### PROBLEM
The reply should hold every line of the listing exactly, and none of its images.

### ENTRIES SUPPLIED
• • •

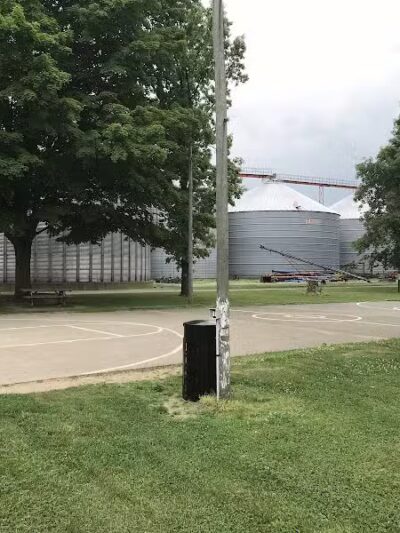 Railroad Park - Burr Oak,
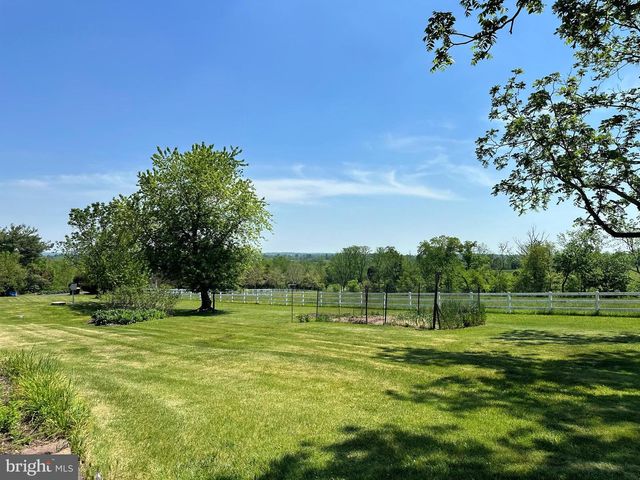 2382 BERGEY RD, Harleysville, PA 19438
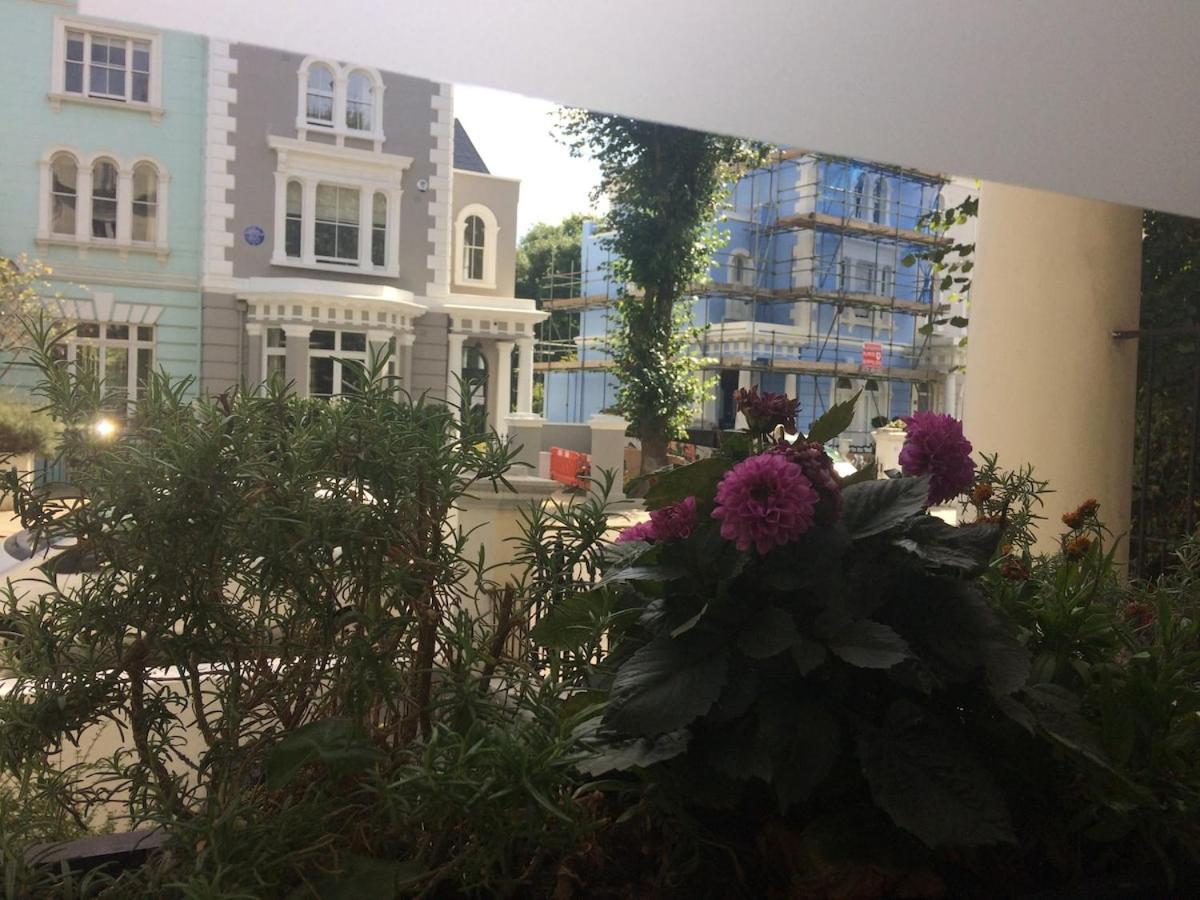 Notting Hill Charm -Sleeps 5 - Urban Retreat Apartment London Bagian luar foto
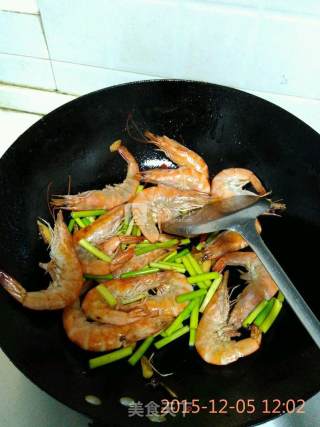 Braised Shrimp with Garlic Moss Oil recipe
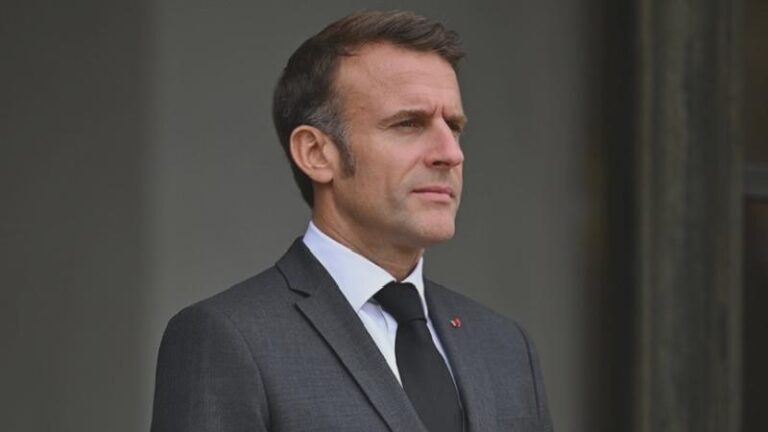 Fransa Cumhurbaşkanı Macron, Başbakan Bayrou’nun istifasını kabul etti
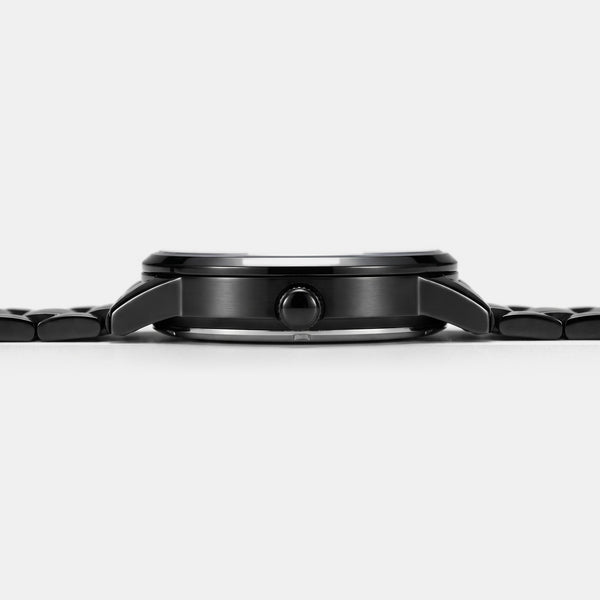 Reloj Audi RS 6, vista lateral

• • •

### YOUR SOLUTION
 Railroad Park - Burr Oak,
 2382 BERGEY RD, Harleysville, PA 19438
 Notting Hill Charm -Sleeps 5 - Urban Retreat Apartment London Bagian luar foto
 Braised Shrimp with Garlic Moss Oil recipe
 Fransa Cumhurbaşkanı Macron, Başbakan Bayrou’nun istifasını kabul etti
 Reloj Audi RS 6, vista lateral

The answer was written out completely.